A Simple Deep Equilibrium Model Converges to Global Optima with Weight Tying

A deep equilibrium linear model is implicitly defined through an equilibrium point of an infinite sequence of computation. It avoids any explicit computation of the infinite sequence by finding an equilibrium point directly via root-finding and by computing gradients via implicit differentiation. It is a simple deep equilibrium model with nonlinear activations on weight matrices. In this paper, we analyze the gradient dynamics of this simple deep equilibrium model with non-convex objective functions for a general class of losses used in regression and classification.
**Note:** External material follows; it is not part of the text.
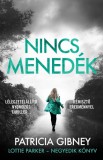 Insomnia Patricia Gibney: Nincs menedék - Lottie Parker 4. - könyv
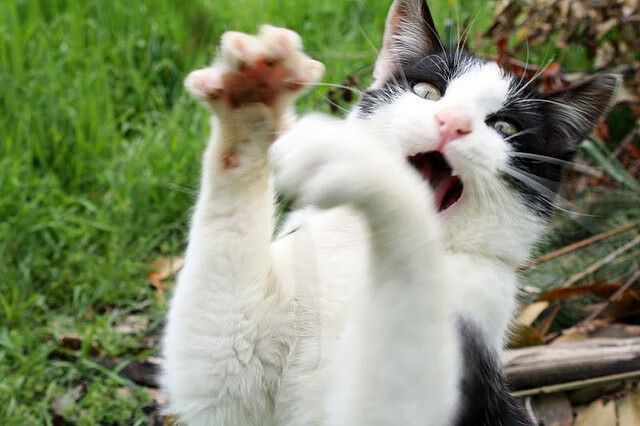 爱游戏官方-瑞·弗兰：以全面的能力和坚韧的防守，成为全黑队不可缺少的球员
Despite non-convexity, convergence to global optimum at a linear rate is guaranteed without any assumption on the width of the models, allowing the width to be smaller than the output dimension and the number of data points. Moreover, we prove a relation between the gradient dynamics of the simple deep equilibrium model and the dynamics of trust region Newton method of a shallow model. This mathematically proven relation along with our numerical observation suggests the importance of understanding implicit bias and a possible open problem on the topic. Our proofs deal with nonlinearity and weight tying, and differ from those in the related literature.
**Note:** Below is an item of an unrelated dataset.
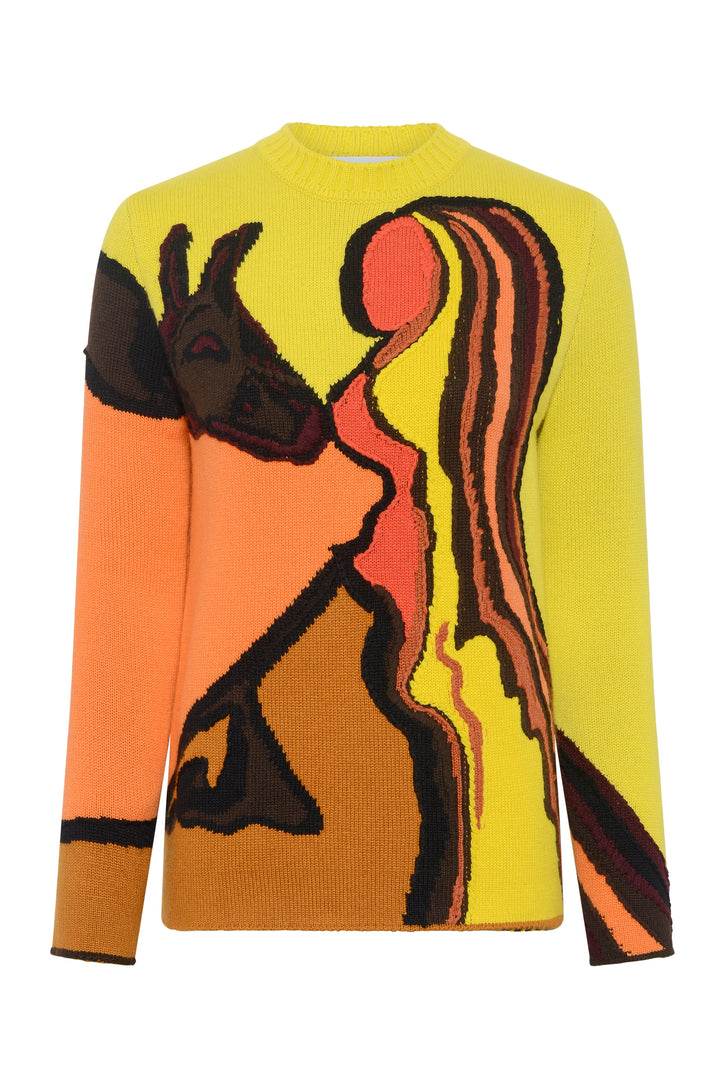 Daneth Knit Sweater in Earth Multi Cashmere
翻译：深平衡线模型通过无限计算序列的平衡点暗含了线性模型的定义。它避免通过直接通过根调查找到一个平衡点和通过隐含的差别计算梯度来明确计算无限序列。它是一个简单的深平衡模型,在重量矩阵上使用非线性激活。在本文中, 我们分析了这一简单的深平衡模型的梯度动态, 并分析了在回归和分类中使用的关于一般损失类别的非线性客观函数。尽管不均匀, 却保证以线性速度与全球最佳一致, 不假定模型的宽度, 允许宽度小于输出维度和数据点数。此外, 我们还证明了简单深度平衡模型的梯度动态与浅度模型的牛顿信任区域方法的动态之间的关系。这一数学证明的关系与我们的数字观察表明理解隐性偏差的重要性, 以及这个专题上可能存在的一个开放问题。我们的证据涉及非线性和重量搭配问题, 与相关文献中的证据不同。